# When do I need to buildworld kernel?



## Majorix (May 1, 2012)

I am using FreeBSD 9-STABLE.

I have installed 9.0-RELEASE, used cvsup and then buildworld kernel to get to that point.

However, now I am not sure about one thing: When do I need to do that process again?


----------



## SirDice (May 1, 2012)

Majorix said:
			
		

> When do I need to do that process again?


Next time you update.


----------



## Majorix (May 1, 2012)

So there is a constant update?


----------



## SirDice (May 1, 2012)

The -STABLE branches are "moving targets", meaning they will have constant changes.
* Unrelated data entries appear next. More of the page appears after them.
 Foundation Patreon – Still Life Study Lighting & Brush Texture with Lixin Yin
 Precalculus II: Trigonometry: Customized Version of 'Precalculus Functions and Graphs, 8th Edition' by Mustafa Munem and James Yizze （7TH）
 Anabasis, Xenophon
If you want stability, security updates but no new features stick to a -RELEASE.


----------



## Majorix (May 1, 2012)

Thanks for the information


----------



## Majorix (May 2, 2012)

OK, a relevant question, I didn't want to create a new thread for this.
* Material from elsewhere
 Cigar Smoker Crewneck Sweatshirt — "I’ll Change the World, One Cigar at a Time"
The question is: would FreeBSD know IF the kernel needs to be rebuilt, or if the kernel is already the latest version? Or would it try to upgrade (and build into the same thing) if I run it, say, 5 minutes later?

I am of course not going to run it every 5 minutes, but more often than not.


----------



## SirDice (May 3, 2012)

There's no automatic check if that's what you mean. You can build any version you like at any point in time and it will happily run for years on end without complaining. 

For production machines I highly recommend running a -RELEASE. Patches are far and few in between. Subscribe to the FreeBSD security mailing list and you'll be notified if there are any security issues that warrant an update. freebsd-update(8) is the easiest tool to use for keeping a -RELEASE updated.

Sticking to -STABLE is possible for production systems but features might change or are added/removed. How and when you update is mostly up to you. This must be done by rebuilding world+kernel. Subscribing to the -STABLE mailing list is probably a bit overkill but read the list at least every once in a while so you know what's happening. Security updates will also occur so you also need to keep an eye on the already mentioned security list.


----------



## Majorix (May 3, 2012)

Thanks SirDice, you are very helpful.


----------